War: Stories Of Conflict, edited by Michael Morpurgo

A sensitive collection for the children of an uncertain world

Nicholas Tucker
Wednesday 17 July 2013 21:52

There are fine stories about fighting in Iraq (Celia Rees) and conflict in Palestine (Elizabeth Laird), but it's still the Second World War to which most writers turn. Only Geraldine McCaughrean, as always, steps away, to the Crusades. Otherwise, Hitler remains synonymous with history for young readers.

That said, there are some excellent offerings on this theme, particularly from older authors who were there. Nina Bawden writes beautifully about an Italian prisoner working on a farm. Eva Ibbotson is equally impressive. Her tender story features a refugee child who prefers to stay with the family who looked after her rather than return home in 1945. Both stories have a ring of truth, drawing on autobiography.

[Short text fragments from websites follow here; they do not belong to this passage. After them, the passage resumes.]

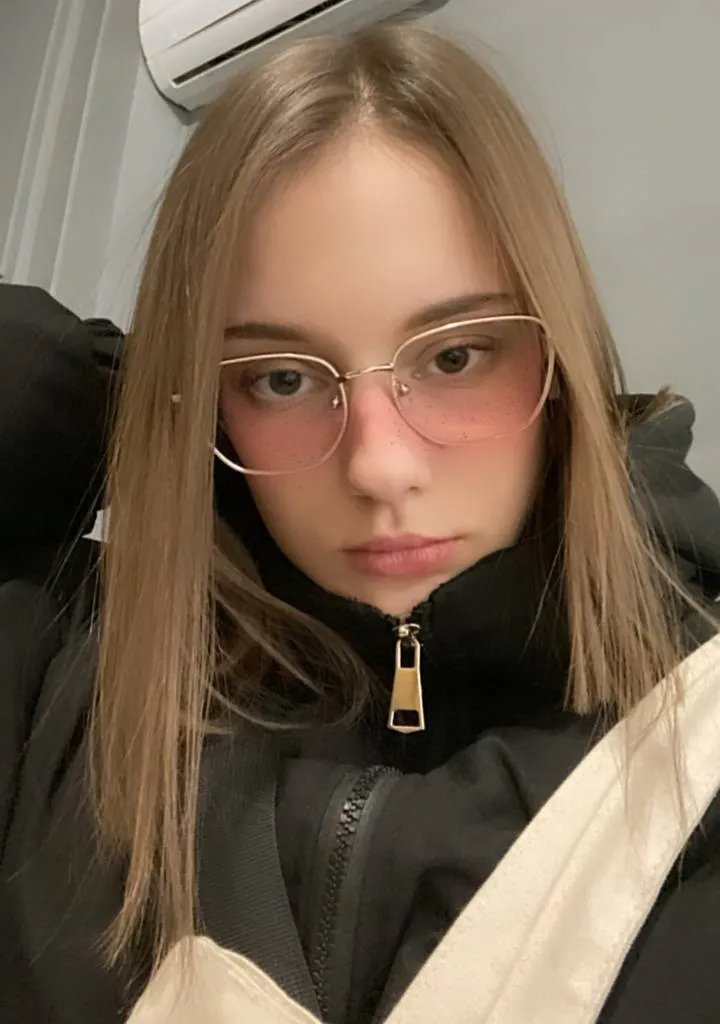 Екатерина Katherine Репьева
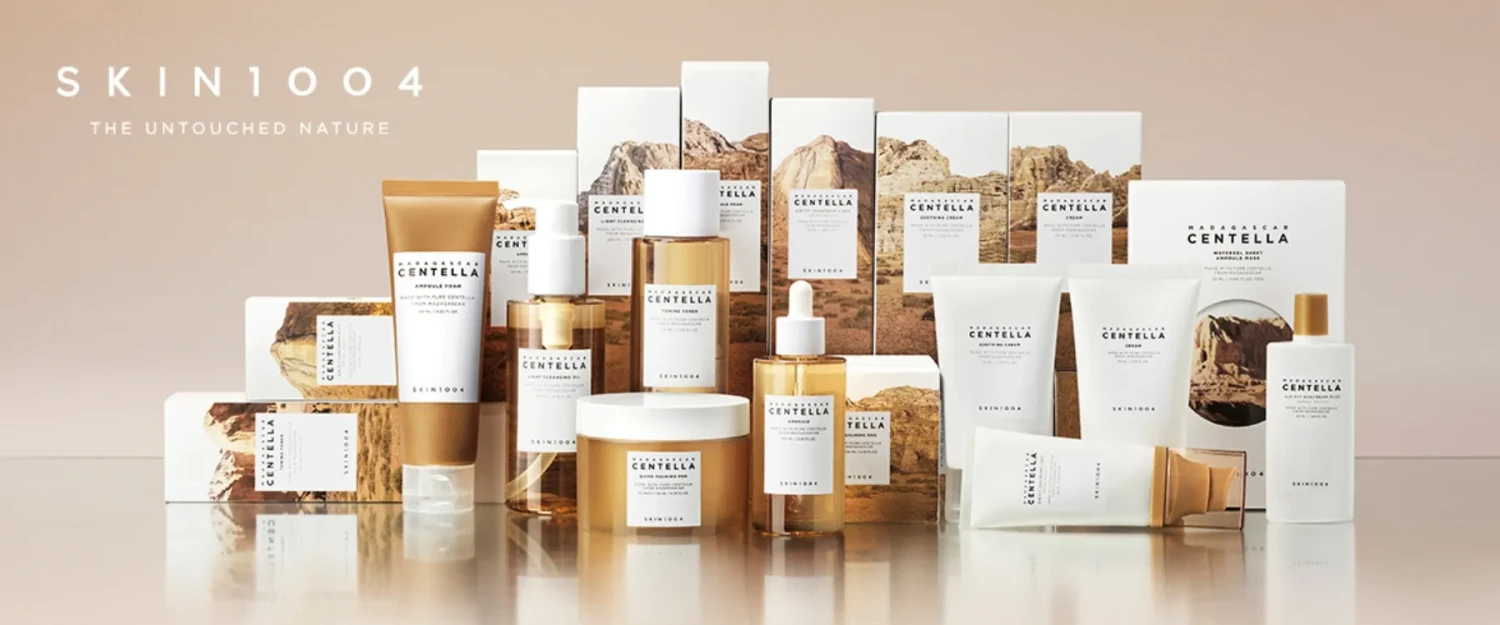 Discover Authentic SKIN1004 Skincare in Bangladesh at Beauty Hub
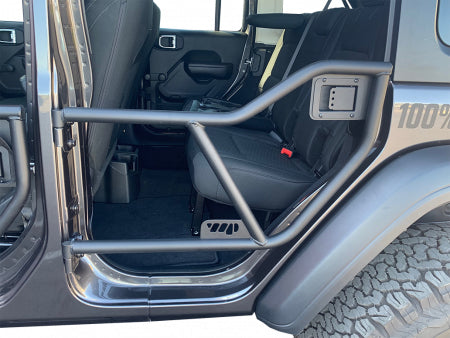 Warrior Products Tubular Door Set (MPN: 6774)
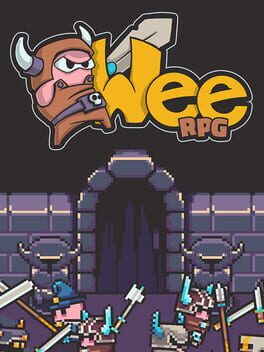 WeeRPG Cover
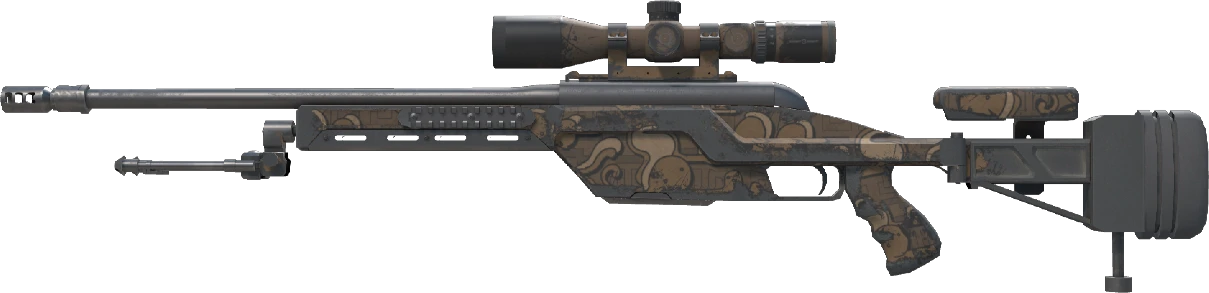 SSG 08 | Mayan Dreams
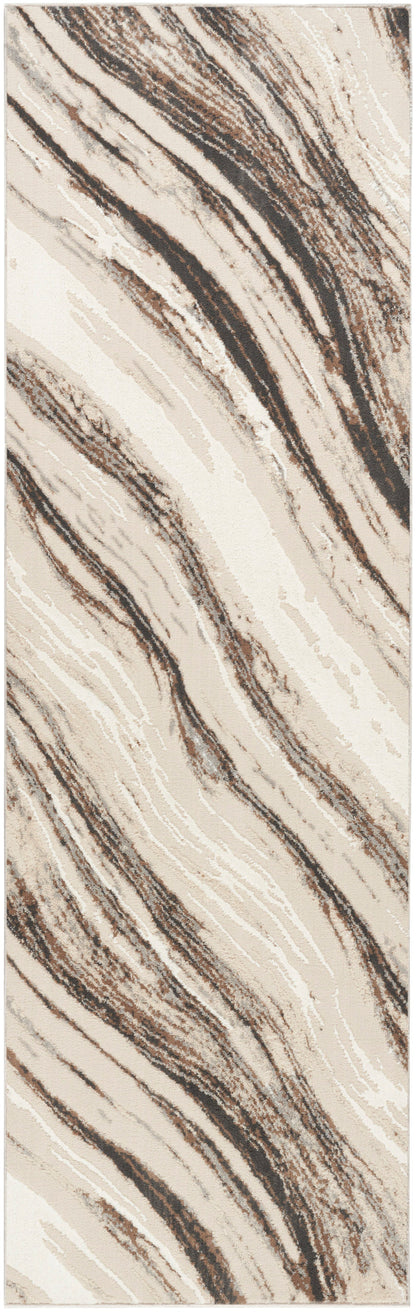 The Rug Corner Nourison Home Sustainable Trends SUT05 BGEGY Area Rugs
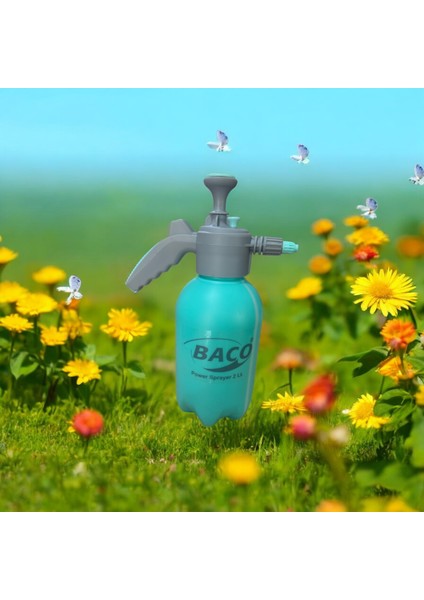 Akde Baco 2 Lt Ilaçlama Köpükleme Dezenfekta Atıcı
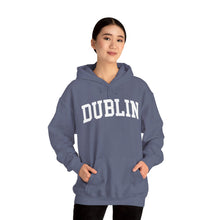 Load image into Gallery viewer, Dublin Adult Hooded Sweatshirt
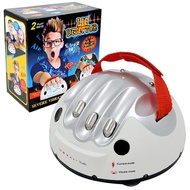 New Style Lie Detector Electric Shock Lie Detector Party Game Console Truth Adventure Board Game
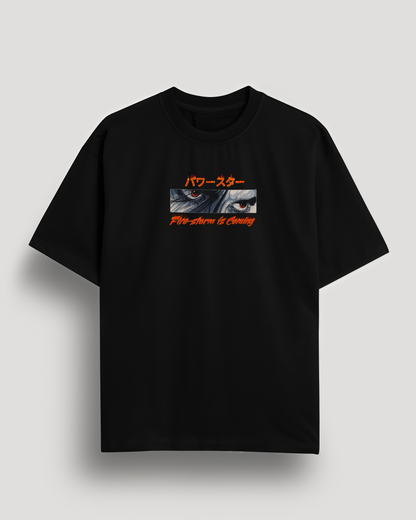 OG Fire storm is coming Oversized Tee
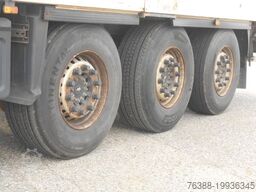 Schmitz Cargobull Semitrailer Reefer Multitemp Dobbeldekk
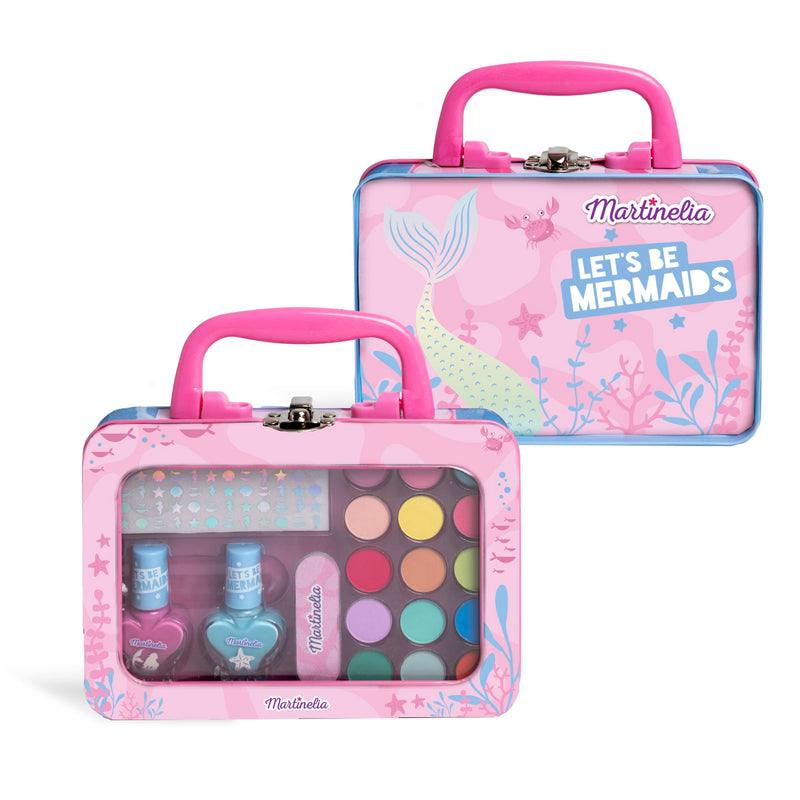 Martinelia - Let`S Be  Mermaids - Mini Case (Aq-12058)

The editor, Michael Morpurgo, writes a fine story about facial disfigurement, a topic not featured in most lavishly illustrated war books.

The most disturbing piece is not a story at all. Written by the late Robert Westall, it describes his military service in Egypt during the Suez War of 1956. As he puts it: "I shall always be grateful for my tiny war, because it led me into wickedness. If a writer doesn't understand wickedness from the inside, he's only half a writer, and all his villains will be cardboard cut-outs."

The wickedness refers to the behaviour of some National Servicemen who nearly massacred a village after their lorry got stuck behind a flock of sheep. Panicking about what looked like an ambush, an already half-mad gunner opened up indiscriminately. The gun jammed and no one was killed. But Westall remembers how he did nothing to stop the man. How many soldiers in Iraq today will have had a similar experience?

Only two stories don't work. The rest, recognising that war is now a crossover experience, appeal to adult and child readers alike. Some are briefly introduced by their authors, others speak for themselves. There are lighter moments: Michelle Magorian recalls repertory theatre in 1945 and George Layton looks back wryly at the experience of a boy sent to a children's home in Morecambe to put on more weight. This collection is just the thing for readers looking for something a bit different from the latest instalment of magical fantasy.